According to The Indian Express, the accused were dancing to a song, which was playing on the DJ, connected to a Mobile phone that spoke about “Mujahids” who “threatened” India’s unity.
The parents of one of the arrested minors said that the children were unaware of the content in the song, they were dancing without even realising the lyrics of the song. They also said that the song played ‘inadvertently’ in continuation.
“They must have danced to the beat — the song barely played for three or four minutes,” said the elder brother of one of the minor arrested.
The father of another boy also expressed his grief towards the children’s arrest. He said, “Sedition charges against these little boys have hurt us badly. There has never seen any communal riot in Nasriganj’s history. In this town, you can still hear Azaan (call of prayer from a mosque) and Ram dhun (devotional song) going on simultaneously. We are trying to hire a good lawyer and pinning all hope on the judiciary.”
The case was lodged after a man named Chandan Thathera reportedly shot a video and gave it to a local Bajrang Dal leader, who then provided the footage to the police.
The incident took place last Friday night when about 150 people aged between 10 and 22 years took out a “chand julus (moon procession)” a day before Eid after hiring a DJ, named Ashish Kumar, a resident, who is among the eight people arrested in the case.
As per the Police, the eight people facing sedition charges do not have any previous case against them.
This is not the first time when people have been booked under the colonial law of sedition.
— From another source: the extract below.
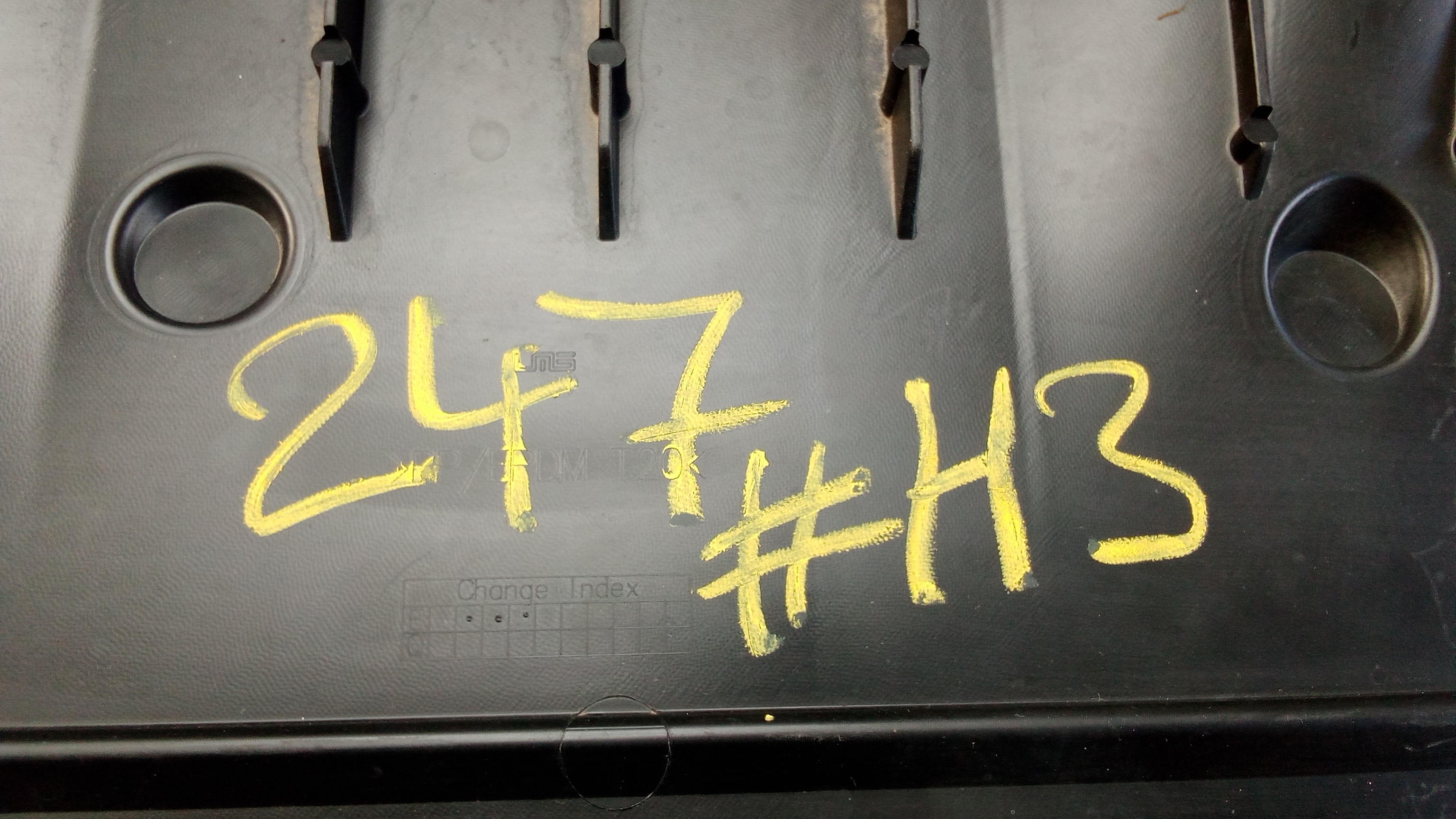 A2478859109 Mercedes W247 H247 GLA Stoßstange Verkleidung Vorne Unten #H3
From time and again the law has been interpreted differently to make an arrest and in some cases, it has been used to silence the dissent of the people.
For instance, in 2014, a Muslim youth from Kerala was arrested and charged with sedition for not standing up during the national anthem in a movie theatre and for allegedly posting a derogatory comment about the national flag on Facebook.
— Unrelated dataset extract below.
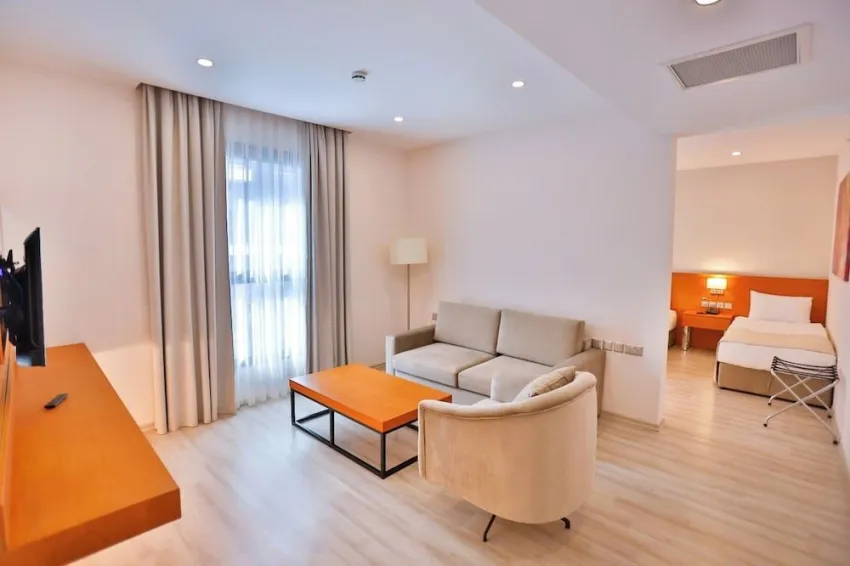 Caddem Inn Hotel -19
In another case, 67 Kashmiri students from a private college in Meerut, Uttar Pradesh, were booked for sedition after they cheered Pakistan during a cricket match India lost.
Recently, a cartoonist and a journalist, Kamal Shukla, who hails from Chhattisgarh was charged with sedition for sharing a cartoon on Facebook that allegedly made derogatory references to the judiciary and the government.
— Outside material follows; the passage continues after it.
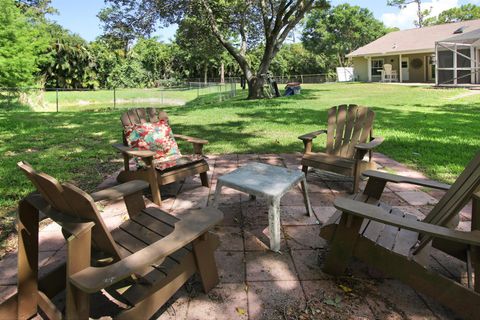 A home in Loxahatchee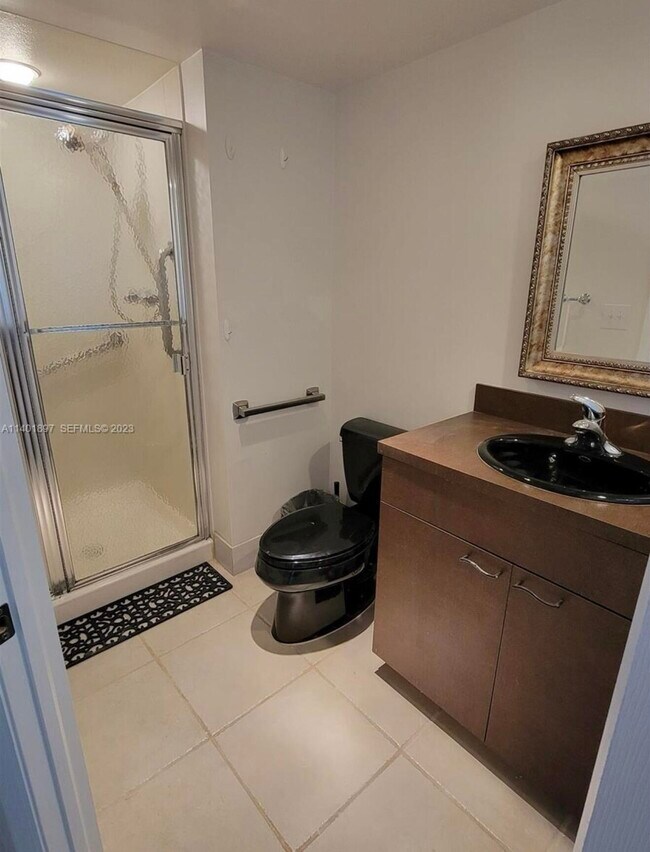 Building Photo - 801 N Ocean Blvd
In 1962, in the case, Kedarnath Singh versus state of Bihar, the constitutional bench of the Supreme Court had said, “What has been contended is that a person who makes a very strong speech or uses very vigorous words in a writing directed to a very strong criticism of measures of government, might also come within the ambit of ‘sedition’. But, in our opinion, such words written or spoken would be outside the scope of the section. A citizen has a right to say or write whatever he likes about the government, or its measures, by way of criticism or comment, so long as he does not incite people to violence.”